Abolishing PUHCA would largely remove government oversight from companies such as American Electric Power, Duke Energy, CMS Energy, Southern Company/ Mirant and Xcel. As some of the leading energy providers in today’s deregulated markets, these corporations claim they can be trusted in the absence of supervision. But it was exactly that – the lack of government supervision – that allowed Enron to build its far-flung empire, manipulate markets and use accounting gimmickry to conceal debt and inflate income. Had there been a regulated system to ensure corporate responsibility and transparent accounting practices, it is likely that California’s recent energy crisis and the accounting fraud that followed would have been impossible.
In the report, Public Citizen examines the record of five companies seeking PUHCA repeal: American Electric Power, Duke Energy, CMS Energy, Southern Company/ Mirant and Xcel – all of which are under investigation for fraudulent trading and/or accounting practices and accused by state and federal investigators of gouging billions of dollars from California consumers during the artificially created energy “crisis” of 2000 and 2001.
“The repeal of PUHCA would have devastating consequences for consumers and investors by leading to more Enron-style meltdowns, further industry consolidation and the creation of complex corporate structures that reduced transparency and accountability,” said Tyson Slocum, research director for Public Citizen’s Critical Mass Energy and Environment Program. “We need to demand that these energy companies be good corporate citizens, but it’s clear they will not do it without strict standards of accountability. Government oversight is an indispensable measure needed to maintain an affordable and reliable energy market. Congress should be strengthening PUHCA, not ditching it.”

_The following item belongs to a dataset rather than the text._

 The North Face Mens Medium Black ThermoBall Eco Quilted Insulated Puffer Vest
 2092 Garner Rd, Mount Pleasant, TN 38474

Public Citizen’s report shows:
- On Jan. 18, 2002, the U.S. Court of Appeals for the District of Columbia ruled that the SEC failed to prove that the June 15, 2000, merger of American Electric Power with Central & South West met the requirements of PUHCA and sent the case back to the SEC for further review. Specifically, the court told the SEC to revisit its conclusion that the merger met PUHCA requirements that utilities be “physically interconnected” and confined to a “single area or region.”
- In June 2002, the SEC ordered Duke Energy to release information on its trading practices, and in July the energy trader admitted that it had misled investors and federal officials about its trading operations. In July, the Commodity Futures Trading Commission (CFTC) issued a subpoena to Duke, and the company has been under investigation by the Federal Energy Regulatory Commission (FERC) since May. In addition, Duke is under investigation by the Justice Department’s Houston office as part of a grand jury investigation into allegedly fraudulent trading practices. The federal grand jury subpoenaed Duke on July 12.
- The SEC, CFTC, FERC and the Justice Department have all been formally investigating CMS Energy since May 2002, making CMS Energy the most investigated energy trader next to Enron. Shortly after the investigative offensive, long-time CMS Energy Chairman and CEO William McCormick resigned. That was followed by the firing of the company’s auditor, Arthur Andersen. At the time of the accounting firm’s dismissal, Arthur Andersen noted that its approval of the company’s books could no longer be relied upon, which should not come as a surprise since 71 percent of the $5.6 million CMS Energy paid Arthur Anderson was for non-audit consulting services.